*Supplied information*
##############################
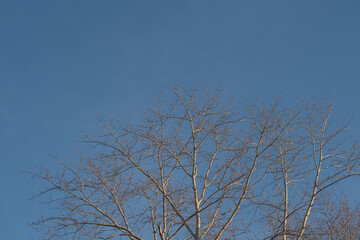 The crown of the tree against the blue sky. Branches without leaves.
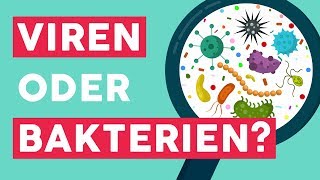 Viren und Bakterien Die wichtigsten Unterschiede [upl. by Leirda]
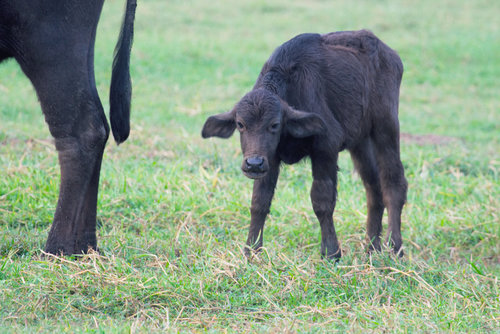 Domestic Water Buffalo (Bubalus bubalis) · iNaturalist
##############################
*Your goal*
Exclude every picture and copy the remaining data exactly.

*Output for this exercise*
 The crown of the tree against the blue sky. Branches without leaves.
 Viren und Bakterien Die wichtigsten Unterschiede [upl. by Leirda]
 Domestic Water Buffalo (Bubalus bubalis) · iNaturalist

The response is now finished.